Why do most house related things cost at least $2,000?
I plan to do a post about the process of buying a home, because that is going to be very intriguing to my millennials since we're all buying homes these days. We know it's a better investment than paying an obscene amount of money for renting a space that will never be ours. But why is a fridge 2k? The washer and dryer were over 2k total. A couch is 2k. I mean what the actual hell. Not only do you spend an arm and a leg buying the house, but everything in it costs quite a lot too.
How can I still have poor choice in picking friends?
I mean we all know it's not a walk in the park to make friends as an adult, but I'm too old for this shit. Being 28, I thought I grew out of having to find shitty friends. When will I learn? When was the last time you were being taken advantage of? Like truly being taken advantage of? Sometimes I don't know if I should trust any new friends.
Just a few months ago, I befriended someone only to find out they not only weren't a good person, but they were using me for their own gain. When I hear someone say they want to be my friend because I'm "famous." I literally just laugh out loud. I'm not famous, and if someone thinks that being my friend is going to make them famous, the joke's on them. I have realized over time it's easy for people to take advantage of me, because I'm naive. I believe the best in people, but I'll be honest. Since I have no problem calling a bitch out, that's what I do when I catch someone being a shitty "friend."
Why is it so hard to stay in touch with old friends?

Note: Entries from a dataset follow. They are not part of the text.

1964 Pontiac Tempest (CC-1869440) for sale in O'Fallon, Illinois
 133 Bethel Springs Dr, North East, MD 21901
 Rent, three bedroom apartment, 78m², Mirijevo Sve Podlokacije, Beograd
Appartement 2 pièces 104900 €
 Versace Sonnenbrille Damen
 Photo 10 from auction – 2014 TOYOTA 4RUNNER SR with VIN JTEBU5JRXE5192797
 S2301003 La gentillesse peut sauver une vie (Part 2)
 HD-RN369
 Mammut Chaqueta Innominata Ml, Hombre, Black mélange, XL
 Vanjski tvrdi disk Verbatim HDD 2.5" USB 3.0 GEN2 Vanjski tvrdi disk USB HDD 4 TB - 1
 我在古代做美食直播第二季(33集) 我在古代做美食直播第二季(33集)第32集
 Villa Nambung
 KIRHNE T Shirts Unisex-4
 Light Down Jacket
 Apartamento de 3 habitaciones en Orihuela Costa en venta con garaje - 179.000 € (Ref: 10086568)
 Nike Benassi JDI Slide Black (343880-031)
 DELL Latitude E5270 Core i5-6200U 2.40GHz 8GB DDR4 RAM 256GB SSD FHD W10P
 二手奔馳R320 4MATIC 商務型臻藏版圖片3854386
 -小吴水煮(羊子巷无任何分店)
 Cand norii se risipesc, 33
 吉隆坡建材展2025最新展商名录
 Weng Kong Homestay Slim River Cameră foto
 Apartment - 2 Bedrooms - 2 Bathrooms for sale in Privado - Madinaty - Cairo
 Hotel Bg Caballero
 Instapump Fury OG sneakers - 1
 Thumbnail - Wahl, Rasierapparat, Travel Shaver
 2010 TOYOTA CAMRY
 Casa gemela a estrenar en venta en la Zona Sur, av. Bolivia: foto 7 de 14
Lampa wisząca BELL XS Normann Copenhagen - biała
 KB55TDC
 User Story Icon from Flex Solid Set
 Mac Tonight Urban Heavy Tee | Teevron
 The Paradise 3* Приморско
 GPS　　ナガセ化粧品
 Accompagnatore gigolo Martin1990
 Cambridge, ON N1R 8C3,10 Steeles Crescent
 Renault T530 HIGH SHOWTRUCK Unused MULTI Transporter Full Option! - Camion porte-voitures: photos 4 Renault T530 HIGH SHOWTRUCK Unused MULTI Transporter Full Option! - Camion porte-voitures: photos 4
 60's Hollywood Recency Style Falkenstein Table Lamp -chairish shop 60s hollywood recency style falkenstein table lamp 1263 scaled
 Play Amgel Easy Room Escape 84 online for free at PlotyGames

Over time, I've realized the friends I've had since I was a kid, are hard to not only keep up with but also hard to update. It's so much easier to update your friend that can come over everyday and just understand your life when you live in the same place. What's the secret to keeping the friendships alive when you live in different states and sometimes even different countries? It's tough, no? I just think it takes a long time to update them and they don't always understand half the story, so it gets kind of tedious to explain it all. Anyone else understand what I mean?
Why does adding avocado to anything cost $55?
I legit still don't understand why avocados are so expensive, and every time I ask for avocado, they look at me and say it's extra. No shit Sherlock. It's always extra, but I need someone to tell my ass why that's the case. I can get a pack of 6 avocados for $3 at Trader Joe's but if I order it as a side it's $5. Blows my mind every single time, and clearly I still don't get it.
Why are some women the absolute worst?
I'm hoping in the future, I can spot bitchy girls right away and steer clear so I don't have to deal with the bullshit long-term and of course, over complicate my life. If only I knew someone was going to turn bitch mode in the beginning, I would never even pursue the friendship but sadly that is life, and you really don't know what happens until you start to learn more about someone, their intentions, their upbringing, etc. Sometimes you can tell someone's a certain persona from the beginning, but a lot of times you can't because people don't show their true colors in the beginning. It's like a honeymoon phase in every relationship. You don't know, until you know.
Why don't people travel the world?
Since travel is so much more accessible nowadays, I am always surprised that people don't want to travel. Sure a comfortable life in your hometown is great, but I can't imagine not having all the fun adventures I embark on every time I set foot in a new destination.
So what gives? I don't understand why people wouldn't give up other things to travel the world when traveling is just so much more amazing than things. Material things can't give you the same quality of memories and they're so much more worth it.
Writing this post is really a way for me to tell you, I don't have it figured out when it comes to life. We're all just pretending to know what the hell we're doing, but in reality we don't have a damn clue. I've been burned too many times and gotten myself in friendships that make me sick and ones I lost a lot of sleep over. Hearing rumors locally, dealing with drama in person and just having that in my life has taught me to keep my circle tighter and tighter over time. Luckily I have a few incredible friends who are helping to protect me from this, moving forward because they have a better sense of character than I clearly do. I'm not pretending to be anyone's friend anymore, and I'm not pretending to listen to someone talk about themselves for hours. Time is precious, and selfish behavior is no longer going to be a part of my day to day.
So with that I say, bye Felicia.
Bye Felicia. You were a bitch and I'm not sad to see you go.